Is this the real life, or just mens’ fantasy?  Lesbians on screen.
At the end of a long day at your high powered job, to which you wear a tailored suit, isn’t it great to catch up with your impossibly attractive cohort of lesbian friends at the local gay-owned café-cum-live music venue?  Perhaps you’ll bump in to one of the dozens of manicured, tanned, available and interested women that just casually mill around at one of the many well-attended, trendy nights that you frequent.
And then you realise that you’ve just woken up from your third L-Word themed dream this month, and TV lesbians aren’t as plentiful as you’d like.
TV lesbians are strange creatures; few, if any, are well adjusted.  Most appear to show deep seated emotional problems, have drug problems, and unless you’ve had your head in a bucket for the past few weeks, you’ll have noticed that a lot of TV lesbians are, well, incarcerated.  Of course, ever since Anna Friel got on the televisual lady-love bandwagon, we have been forever grateful for at least some representation on television and in movies.  It’s excellent to see lady-loving on television, even if we know from experience that they will be murdered by the writers.   Even the insufferably boring ones who manage to hold down a full time job and some semblance of normality end up getting hit by taxis.  It seems no television lesbian is safe from the inevitable gunshot, murderer or rogue parachute saboteur.
Horrible demises aside, have you ever really met a TV or movie lesbian that you really relate to, or do they just perpetuate the stereotypical idea that we’re just part timers, waiting for the right man to come along?  Piper, Tina, Jules – we’re looking at you.
As a femme girl myself,  I personally love to see a bit of femme-on-femme action, perving aside, because if they’re more common in mainstream media, it means people will stop asking me when I am going to attend my ceremonial head shaving and sensible shoes presentation.  I can totally see why those who don’t cram themselves into a certain media-friendly pigeonhole feel unrepresented though, because quite simply, TV lesbians are bizarre caricatures of themselves.

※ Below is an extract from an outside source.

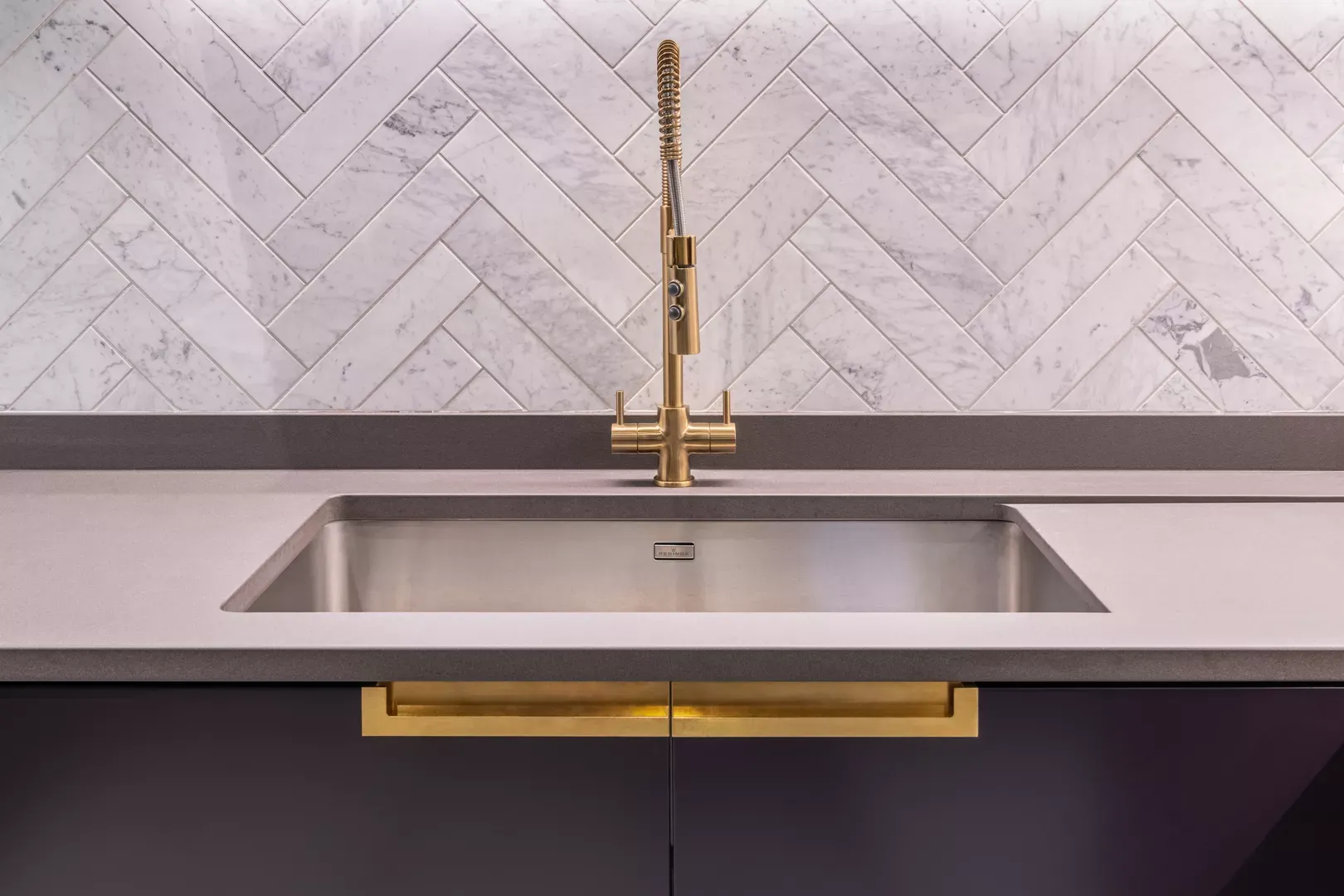 67 Lansdowne Road - Kitchen with Rohe Integrated Cabinet Handle (CH1100 & CH1102) in Brushed Brass Waxed - BBW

It seems to me as though we have several repeat offending roles here:
I’m drop dead gorgeous, constantly disillusioned by my many and various relationships with boys and ready to experiment with a naïve young lesbian who will fall hopelessly in love with me and die inside when I inevitably return to men.

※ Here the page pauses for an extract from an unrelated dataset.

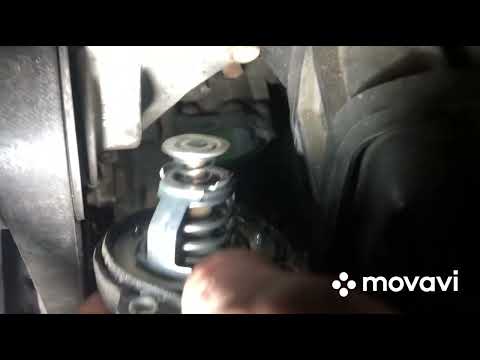 Видео: Замена термостата Mazda6 gh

I’m SO BUTCH I can barely function without clenching my fists, flexing my heavily tattooed arms and spitting at inopportune moments.  I communicate only in grunts, sneers and manly farts. I have been to prison at least once.
I’m doing so many different kinds of drugs right now, so that I might cope with my daddy issues and traumatic childhood which has left me with an insatiable appetite for women and the emotional stability of a weeble.
I’m a militant man hater who harvests her own leg hair to stuff pillows sewn from hemp.  I don’t eat anything made of food, and I think people who drive cars are monsters.
And finally,
I am attractive, normal, can hold down a job and a loving relationship.  My girlfriend and I are just talking about getting a puppy together…
…Oh wait, I just died in a tragic boating accident.